[Captioned web images]

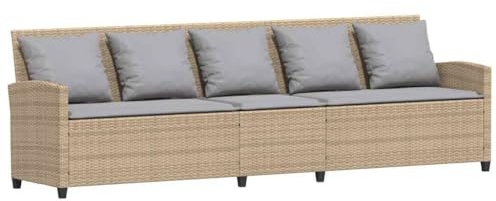 Qnhdfrt Gartensofa 5-Sitzer, Lounge-Sofa aus Poly Rattan, Terrassenmöbel für den Außenbereich, Beige, mit Sitzkissen und Rückenpolstern, 280 cm Breite, Stabiler Stahlrahmen für Terrasse und Garten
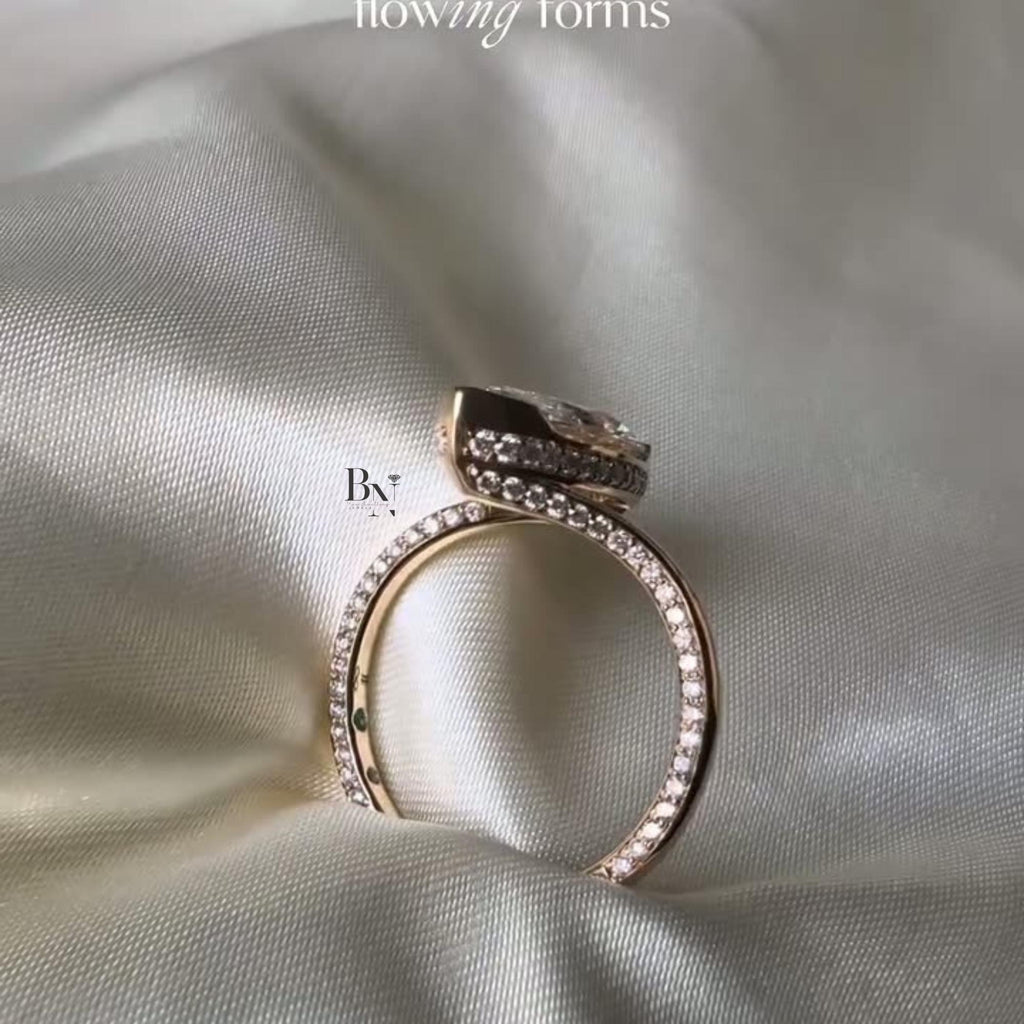 3.00ct Marquise Lab Diamond Engagement Ring | Rose Gold Pave Bypass Band | IGI Certified Bezel Set Bridal Ring | Hidden Halo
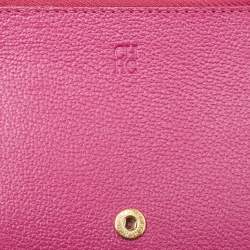 Pre Owned CH Carolina Herrera Magenta Monogram Leather Compact Wallet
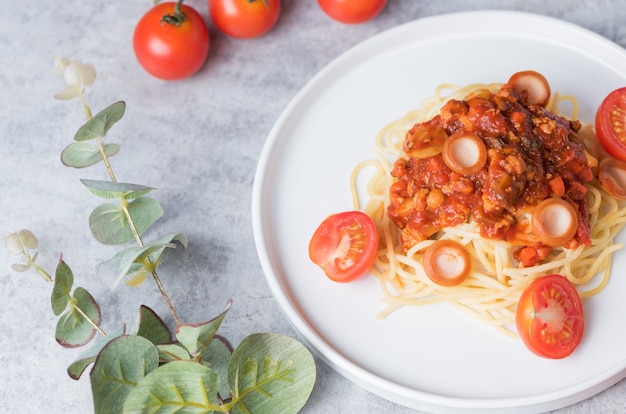 spaghetti pork with mushroom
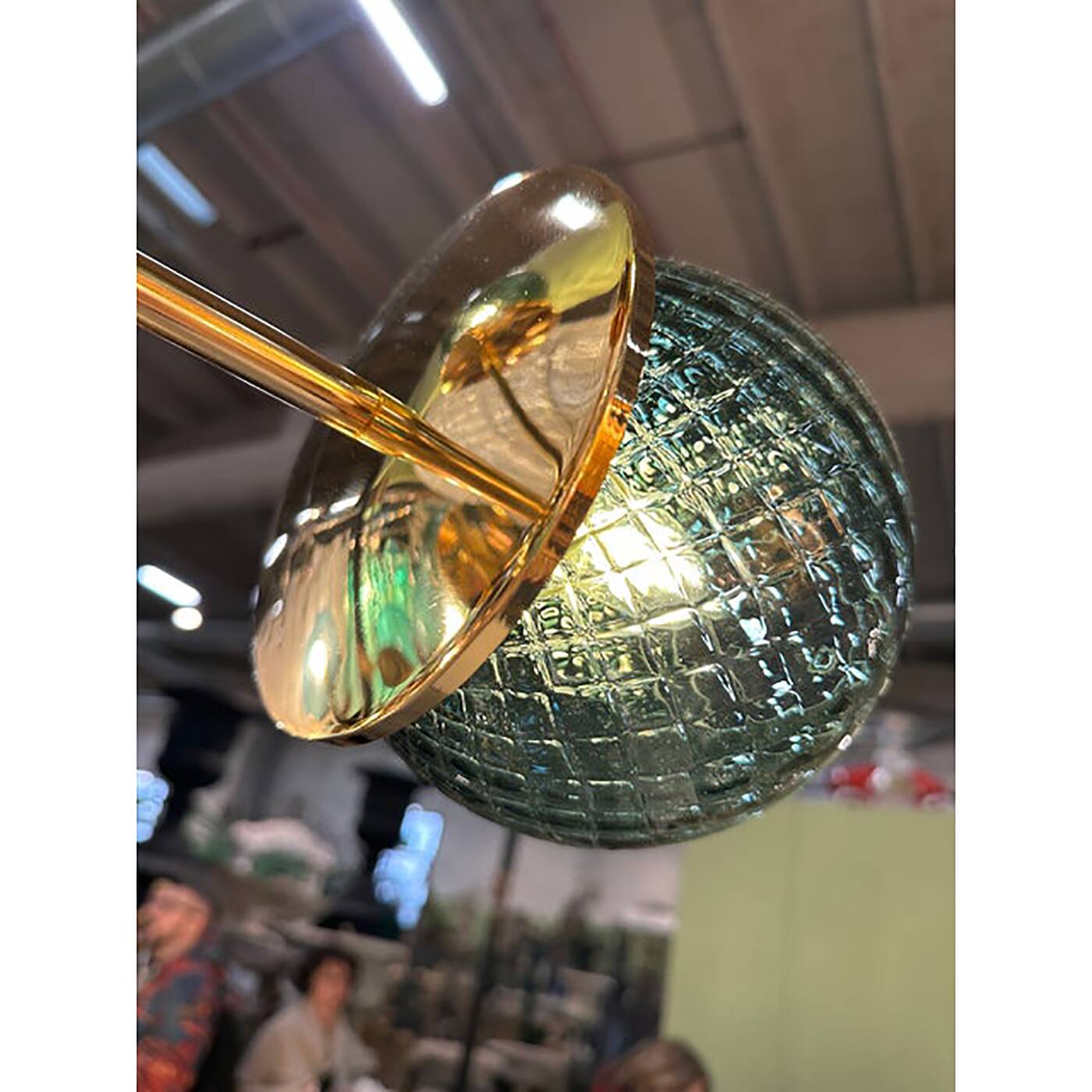 Italian Gold Chandelier Sputnik in Murano Glass Style Green "Balloton"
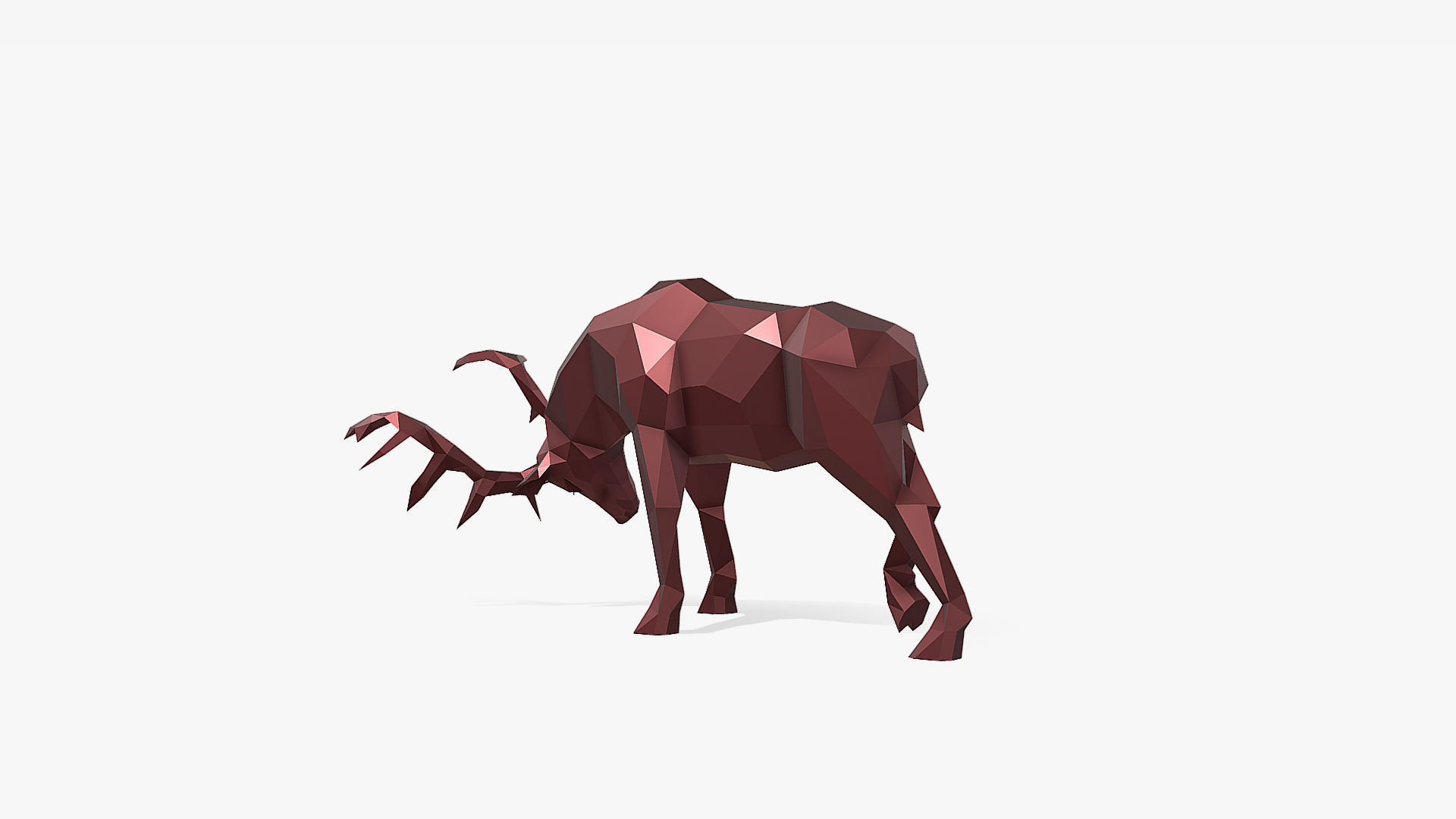 deer fight 3D print model_2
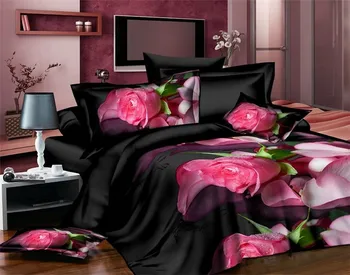 4pcs Medvilnės 3D Rose Patalynės Komplektai Aukštos Kokybės Minkšta Antklode Padengti Drobulė Užvalkalas Reaktyvusis Spausdinti Patalyne, Queen Bed Linen30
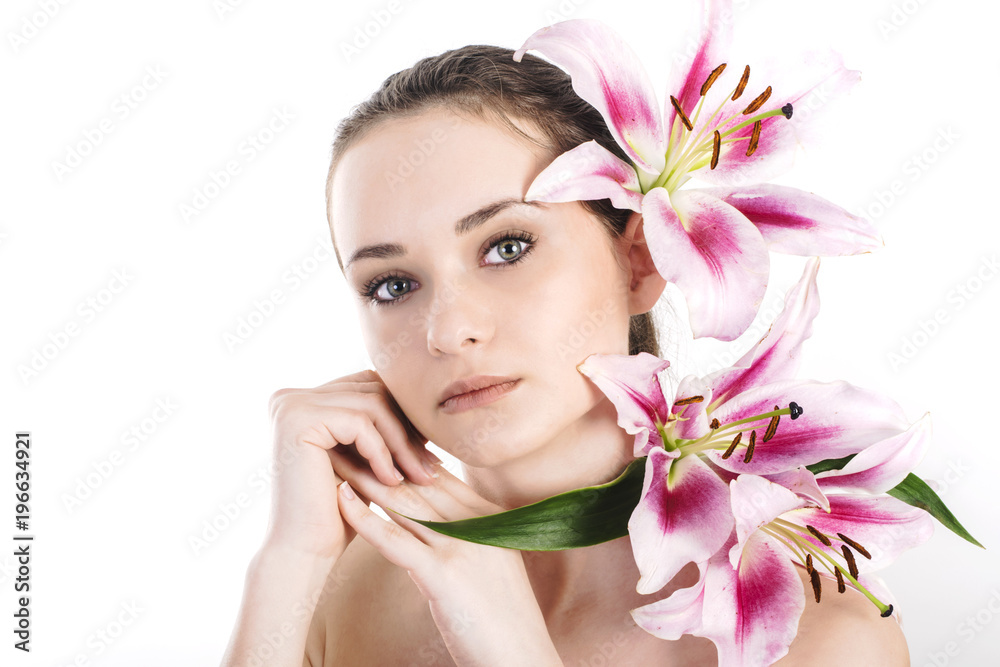 Beautiful girl with flower Beautiful girl with flower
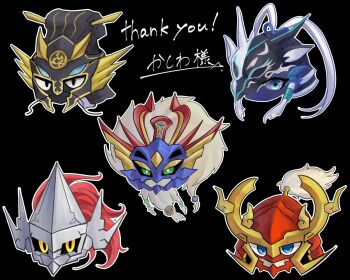 1girl 4boys akiakane14 black_background black_eyes blue_eyes chibi commission covered_eyes dragon duel_monster green_eyes helmet helmet_over_eyes highres japanese_text long_hair mask mask_on_head mask masked_male multiple_boys red_hair skeb skeb_commission swordsoul_(yu-gi-oh!) swordsoul_grandmaster_chixiao swordsoul_of_mo_ye swordsoul_of_taia swordsoul_strategist_longyuan swordsoul_supreme_sovereign_-_chengying white_hair yellow_eyes yu-gi-oh!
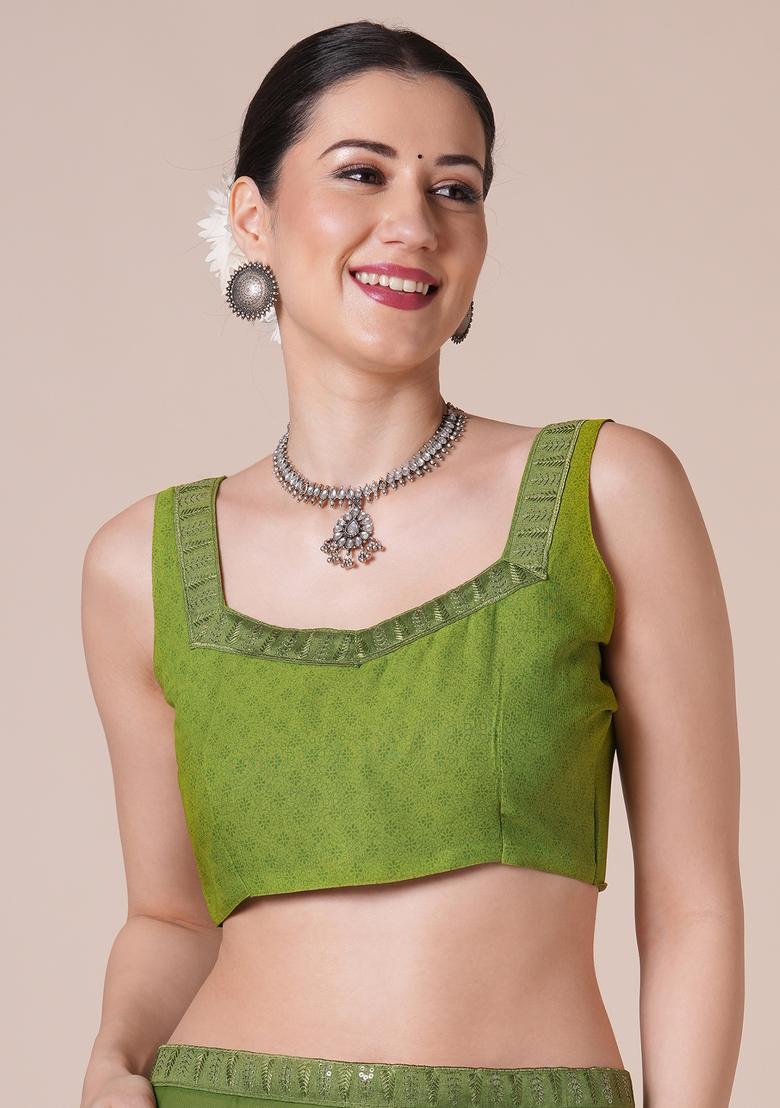 Light Green Printed Georgette Saree Set - Indya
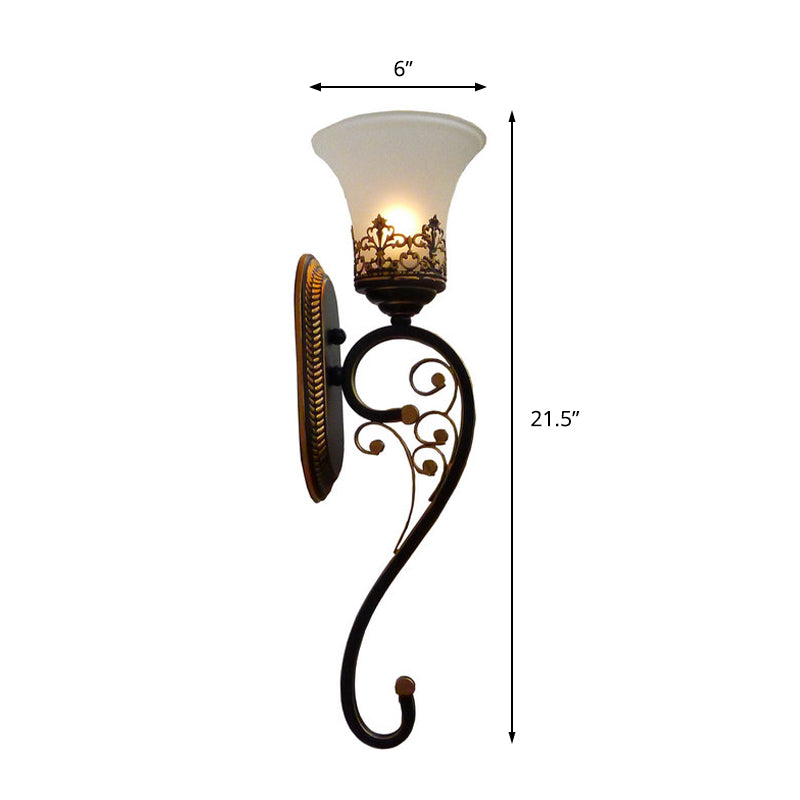 Black and Gold 1 Head Wall Mount Lamp Countryside Metal Curved Arm Sconce Lighting Fixture Clearhalo 'Wall Lamps & Sconces' 'Wall Lights' Lighting' 287275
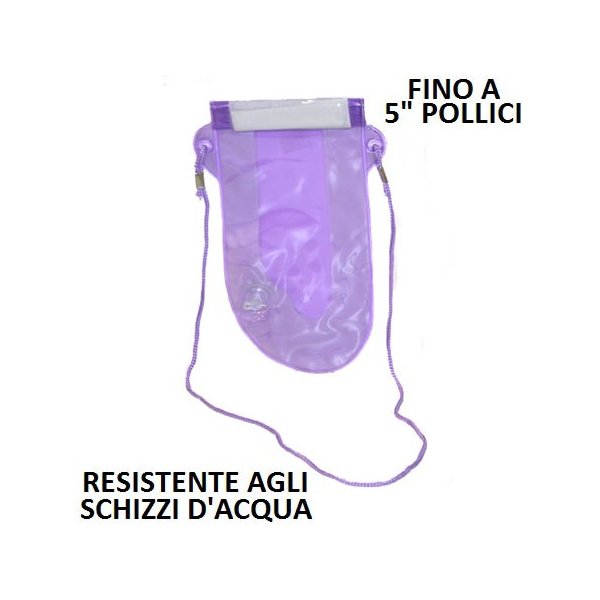 CUSTODIA A SACCHETTO RESISTENTE AGLI SCHIZZI D'ACQUA per DISPOSITIVI FINO A 5" CON CHIUSURA ERMETICA E STRAP COLORE VIOLA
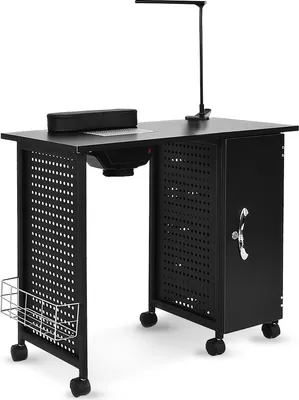 A black manicure table with a lamp and a hand rest.
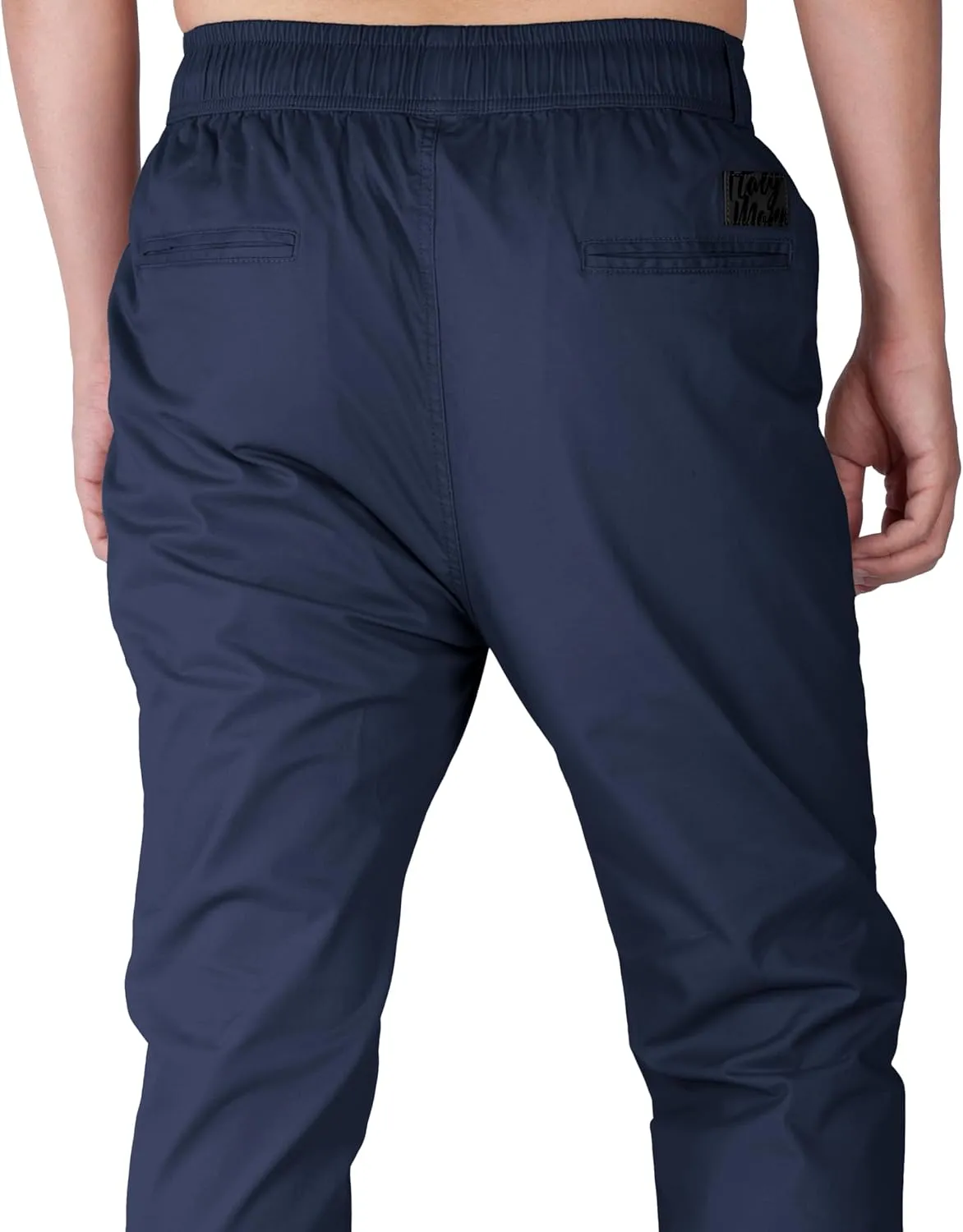 ITALYMORN Khaki Chino Joggers for Men Elastic Ankle and Waist Summer Casual Pants with Pockets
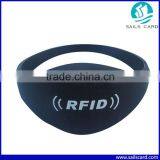 Black 13.56mhz Silicone Closed Type S50 Rfid Silica Gel Wristband
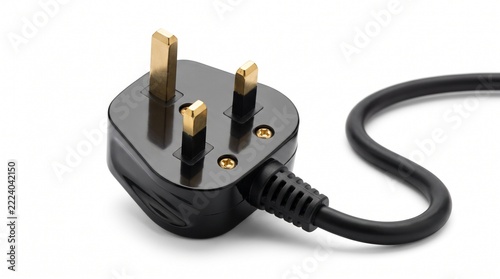 British three pin electrical plug with shiny brass prongs and connected flexible black cord on white background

To do →
Should there be pictures in the data, leave them out and return the rest exactly.

Exercise solution →
 Qnhdfrt Gartensofa 5-Sitzer, Lounge-Sofa aus Poly Rattan, Terrassenmöbel für den Außenbereich, Beige, mit Sitzkissen und Rückenpolstern, 280 cm Breite, Stabiler Stahlrahmen für Terrasse und Garten
 3.00ct Marquise Lab Diamond Engagement Ring | Rose Gold Pave Bypass Band | IGI Certified Bezel Set Bridal Ring | Hidden Halo
 Pre Owned CH Carolina Herrera Magenta Monogram Leather Compact Wallet
 spaghetti pork with mushroom
 Italian Gold Chandelier Sputnik in Murano Glass Style Green "Balloton"
 deer fight 3D print model_2
 4pcs Medvilnės 3D Rose Patalynės Komplektai Aukštos Kokybės Minkšta Antklode Padengti Drobulė Užvalkalas Reaktyvusis Spausdinti Patalyne, Queen Bed Linen30
 Beautiful girl with flower Beautiful girl with flower
 1girl 4boys akiakane14 black_background black_eyes blue_eyes chibi commission covered_eyes dragon duel_monster green_eyes helmet helmet_over_eyes highres japanese_text long_hair mask mask_on_head mask masked_male multiple_boys red_hair skeb skeb_commission swordsoul_(yu-gi-oh!) swordsoul_grandmaster_chixiao swordsoul_of_mo_ye swordsoul_of_taia swordsoul_strategist_longyuan swordsoul_supreme_sovereign_-_chengying white_hair yellow_eyes yu-gi-oh!
 Light Green Printed Georgette Saree Set - Indya
 Black and Gold 1 Head Wall Mount Lamp Countryside Metal Curved Arm Sconce Lighting Fixture Clearhalo 'Wall Lamps & Sconces' 'Wall Lights' Lighting' 287275
 CUSTODIA A SACCHETTO RESISTENTE AGLI SCHIZZI D'ACQUA per DISPOSITIVI FINO A 5" CON CHIUSURA ERMETICA E STRAP COLORE VIOLA
 A black manicure table with a lamp and a hand rest.
 ITALYMORN Khaki Chino Joggers for Men Elastic Ankle and Waist Summer Casual Pants with Pockets
 Black 13.56mhz Silicone Closed Type S50 Rfid Silica Gel Wristband
 British three pin electrical plug with shiny brass prongs and connected flexible black cord on white background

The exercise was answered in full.